绮佳笑看蓁蓁像只燕子一样窜行在院落的角角落落,自己也东顾西盼,只觉每样都是万分新奇。她一直走到正堂门口,水曲柳做的木门沉重,她用双手才推开一条缝隙。
她刚刚推开一点,蓁蓁就飞扑而来:“主子,奴才帮您。”
两人四手推开了一人身的门缝,于是先后而入,正堂内更是奇怪,尽头有一个像佛龛又不是佛龛的圆龛,供奉着一位祥和的红衣女子画像,女子手中则怀抱着一名身着宝蓝色衣物的婴孩,画面栩栩如生,女子仿佛立马就要穿画而出。只是婴孩的衣衫半穿半褪,让绮佳和蓁蓁看了都不由诧异。

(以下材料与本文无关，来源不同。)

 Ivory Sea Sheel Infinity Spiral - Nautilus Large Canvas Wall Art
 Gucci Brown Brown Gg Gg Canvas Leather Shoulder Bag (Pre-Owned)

“这洋人,真敢画啊。”绮佳摇摇头,她眼神离开画,见拱形圆顶的两边挂着两块牌匾,一为"钦崇天道",一为"通玄佳境",皆有先帝御笔的印章。
蓁蓁不由啧啧称奇:“京师附近有先帝御赐匾额的寺庙都少之又少,香山法海寺有块先帝御笔的敬佛,我进宫前和额娘一起去烧香,都是人山人海地围着,这小小南堂竟然有两块。”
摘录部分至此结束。